Continental Casualty Company, Plaintiff-appellant, v. River Ridge Insurance, Inc., et al., Defendants-appellees, 973 F.2d 437 (5th Cir. 1992)Annotate this Case
Sept. 30, 1992
Randall L. Kleinman, Hulse, Nelson & Wanek, New Orleans, La., for plaintiff-appellant.
Raymond P. Ward, Jack M. Allmont, Sessions & Fishman, New Orleans, La., for River Ridge Ins. Agency.
Appeal from the United States District Court for the Eastern District of Louisiana.
Before WISDOM, SMITH, and EMILIO M. GARZA, Circuit Judges:
WISDOM, Circuit Judge:
In this case, the district court dismissed the plaintiff's complaint on the ground that the plaintiff had failed to meet its burden of proof of proximate cause. The plaintiff appeals, asserting that the legal standard applied by the district court was incorrect and that the factual determinations of that court were clearly erroneous. We hold that the legal standard applied by the district court was the appropriate one, and that the factual findings of the court were not clearly erroneous. We affirm.
I. BASIC FACTS.
The defendant/appellee, River Ridge Insurance Agency ("River Ridge"), was a local insurance agent for the plaintiff/appellant, Continental Casualty Company ("CNA"), from January 1, 1984 until November 30, 1987. CNA gave River Ridge the authority to issue insurance binders as follows:
Maximum Limits of Liability Which May Be Bound 1. For any Liability Coverage .......... $1,000,000 2. For any Property Coverage * ......... $ 250,000 * Except for eligible Business Account Program risks (other than frame) ........................................................... $ 500,000
One of the property coverage policies that CNA offered was the Business Account Program ("BAP"). The BAP policy had a lower premium than other CNA commercial property policies and had several restrictions not applicable to other CNA policies. These restrictions included a requirement that the building be less than 20 years old, unless certain parts of the structure had been renovated within the past five years, and a requirement that the usable area of the building be less than 10,000 square feet. For businesses that did not qualify for the BAP policy, CNA offered several other types of commercial property policies which were not subject to the restrictions applicable to the BAP policy.
On November 6, 1987, an employee of River Ridge issued an insurance binder covering the St. Claude Super Market under the BAP policy. The binder included two separate property coverages--one covering the structure for $300,000, the other covering the contents for $250,000.
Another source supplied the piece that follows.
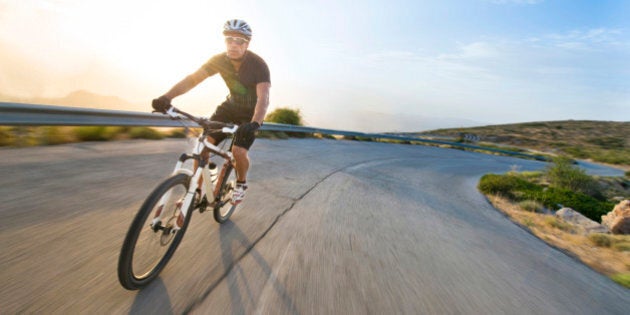 Cyclist man riding mountain bike in sunny day on a mountain road. Image with flare.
On December 24, 1987, the St. Claude Super Market burned virtually to the ground. CNA had not yet issued a policy, but the risk was under binder pending an underwriting conclusion. CNA determined that the structure and contents were a total loss and ultimately paid to the insured the policy limits of $300,000 for the structure and $250,000 for the contents, as well as $8,910.75 for business interruption losses. CNA then brought this suit alleging that River Ridge had bound this risk in violation of limitations on its binding authority. CNA further alleged that, but for River Ridge exceeding its binding authority, CNA would not have suffered the loss.
After trial to the court, the district court found that River Ridge was an agent of CNA and that River Ridge did exceed its binding authority under the BAP, because the St. Claude Super Market did not meet the policy requirements with regard to age and size. The court then determined, however, that CNA had not established that this breach by River Ridge proximately caused CNA's loss. The court found that CNA would have issued some form of policy to cover the risk. The court therefore entered judgment dismissing CNA's complaint.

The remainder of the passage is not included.